赤坎金沙湾的圆月。记者 张锋锋 摄
清明的风,夹着湿软的凉意,拂过老屋的檐角,也拂过心底最柔软的角落。今夜无云,檐上那痕月又悄悄悬着,淡淡的,像极了祖母挂在嘴边的那句“日子要清清爽爽过”。
我在无数个像这样的清明夜,与这檐月重逢的。窗帘缝里漏进的月光,碎碎地铺在木地板上,不是银白,而是带着点暖的浅黄,像祖母当年给我盛的那碗甜汤圆,汤里浮着几颗饱满的芝麻,暖到心口。披衣推窗的瞬间,月光顺着青瓦的弧度慢慢淌下来,不再是年少时觉得的“瘦”,反倒像祖母手里的针线,细细密密,绕着檐角打了个温柔的结。
这痕月,总把我拉回童年夏夜。祖母搬来竹椅坐在檐下,昏黄灯火柔映侧脸,皱纹里漾着暖意。蒲扇轻轻摇,簌簌声响缠着院间蝉鸣,成了年少心底最安稳的温柔。
那时的月亮又近又亮,清辉漫过她鬓边白发,落在藏青布衫上,轻轻笼起一层柔和银边。她抬手轻拍身旁竹椅,唤我近前:“你看檐头这月亮,静静悬着,自有底气。做人也一样,不必时时紧绷,踏实安稳,就够好了。”
我总爱偎在她身旁,看她垫着碎布缝补衣裤,针脚细密齐整,像檐边浅浅的月痕,淡却刻骨。她双手粗糙,指节覆着常年务农磨出的薄茧,可牵住我的时候,暖得像揣着小太阳。
缝好衣物,她总举到月光下眯眼细看,笑着念叨:针脚密却不挤,过日子也该留些空隙,装得下欢喜,也容得下小委屈。那时我只顾着摆弄她鬓边白发,听不懂话里深意,只觉檐下月光,连同她的怀抱,皆是满心暖融。
祖母走的那天,也是这样一个月夜。天阴沉沉的,檐上的月被薄云遮着,只漏出一点淡淡的光,像谁不小心在天幕上划了一道浅痕。我忽然想起她最后一次坐在檐下乘凉,说:“以后奶奶不在了,你就看看檐上的月,那是奶奶在陪着你呢。”
这些年,我走过许多地方。见过都市霓虹里被高楼切割得支离破碎的月,也见过海边潮水中泛着碎金的月,可都不及老屋檐上这一痕。它瘦得真切,像祖母的性子,不张扬,却总在最需要的时候,给人踏实的力量。就像年少时我第一次离家求学,躲在车站偷偷掉眼泪,抬头看见檐角的月,忽然就想起她说的“月总会在”,心里的委屈,竟慢慢散了。

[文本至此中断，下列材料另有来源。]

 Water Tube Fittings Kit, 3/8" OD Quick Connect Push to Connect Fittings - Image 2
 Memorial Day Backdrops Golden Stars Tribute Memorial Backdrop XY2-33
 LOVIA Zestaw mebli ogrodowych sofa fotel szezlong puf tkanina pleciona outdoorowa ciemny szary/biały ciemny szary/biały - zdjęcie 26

昨夜又站在檐下,清明的风卷着几片梧桐叶掠过阶前,月光在瓦当的纹路上缓缓流转。我伸手去触,指尖只碰到微凉的空气,却仿佛触到了祖母的温度。那道月痕虽淡,却从未断裂,它不像满月那样耀眼张扬,只是安安静静地悬在檐角,像一幅水墨画里的留白,让整个夜空都变得温柔。

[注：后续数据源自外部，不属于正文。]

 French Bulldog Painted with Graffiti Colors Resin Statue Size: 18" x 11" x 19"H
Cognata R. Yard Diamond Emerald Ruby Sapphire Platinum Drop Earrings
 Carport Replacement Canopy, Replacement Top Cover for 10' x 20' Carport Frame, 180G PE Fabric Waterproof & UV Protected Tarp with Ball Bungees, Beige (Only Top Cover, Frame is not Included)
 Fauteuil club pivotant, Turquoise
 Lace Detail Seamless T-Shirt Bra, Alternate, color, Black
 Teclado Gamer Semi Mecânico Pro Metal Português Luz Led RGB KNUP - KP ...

就像祖母的爱,从不是轰轰烈烈的,却细密地织进了我生命的每一寸时光。她总说:“日子有苦有甜,就像这月有圆有缺,可只要心里亮着光,就不怕黑。”那时我总嫌她唠叨,如今望着这痕月,忽然懂了她的心意。所谓怀念,从不是沉溺在悲伤里,而是把她的温柔与坚韧,藏在心底,带着好好走下去。

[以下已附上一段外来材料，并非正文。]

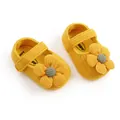Yellow knitted baby girl princess shoes with large flower and soft sole detail. - 12cm / Yellow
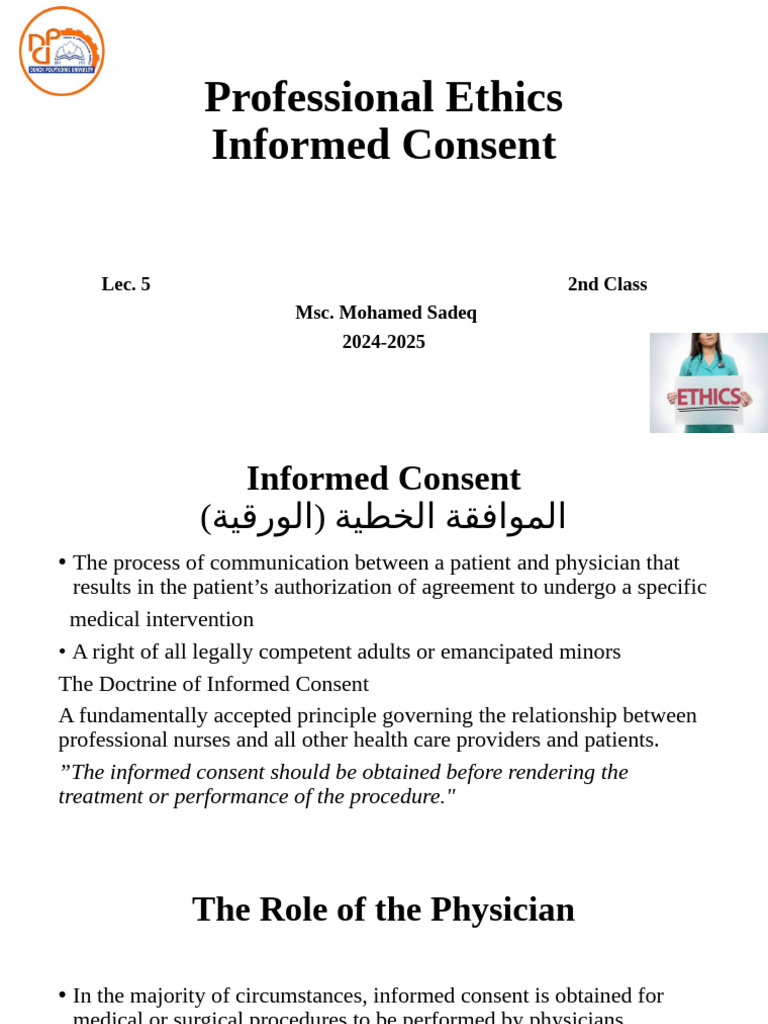 Informed Consent in Healthcare Ethics | PDF | Informed Consent | Patient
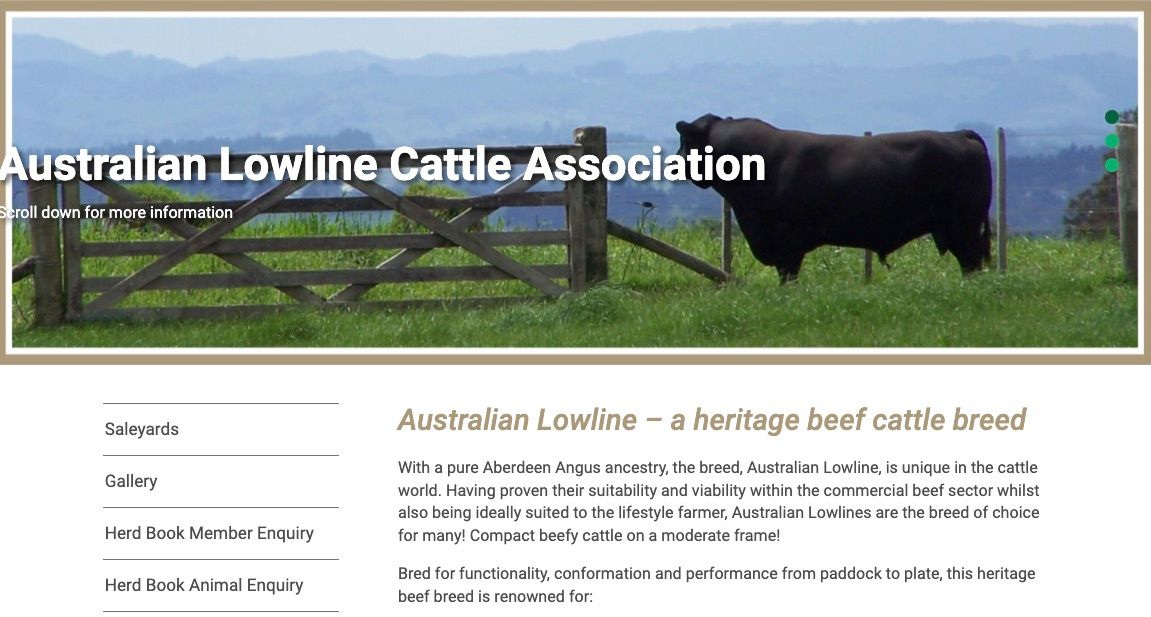 Australian Lowline Cattle Association Website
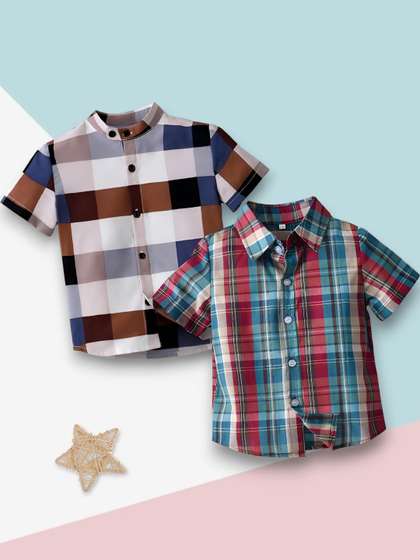 Boys Shirt Checkered,
                    Printed Casual Short Sleeve Shirts Pack of 2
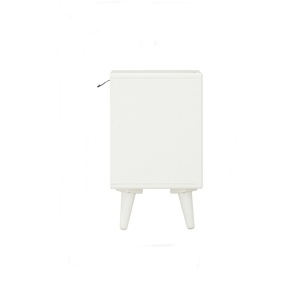 Modern Nordic Style White Bedside <b>Table</b> with Open Cubby and Single Drawer Modern Bedroom Accent <b>Table</b> Solid Wood Leg <b>Side</b> <b>Table</b> - Product Image 4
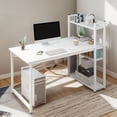 thumbnail image 1 of Escritorio para Computadora con Repisas de Librero, Escritorios Gamer Minimalista Moderno, Mesa de Trabajo Madera, Ideal para Sala Hogar Oficina Estudio Recamara (Blanco), 1 of 4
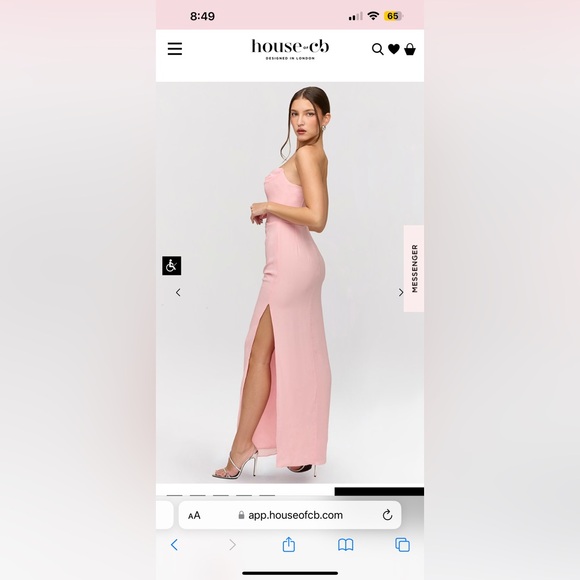 HOUSE OF CB ADRIENNE DRESS - PINK QUARTZ GEORGETTE STRAPLESS GOWN - Picture 9 of 9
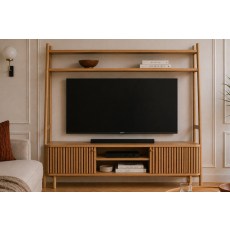 Soho Natural Oak Slatted 165cm Ladder TV Unit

风又起了,檐角的月轻轻晃了晃,像祖母在远处温柔地笑着。我转身回屋,把月光关在窗外,却把她的模样,刻在了心里。桌上的台灯亮起来,光晕里浮着细小的尘埃,像极了当年檐下月光里的碎光,也像她留在我生命里的点点滴滴。
檐上一痕月,岁岁念祖母。这道刻在老屋额角、也刻在我心里的月痕,会陪着我走过每一个清明,每一个夜晚。它告诉我,思念从不是离别,而是她从未走远,就像这檐月,始终明亮,照亮我往后的每一步路。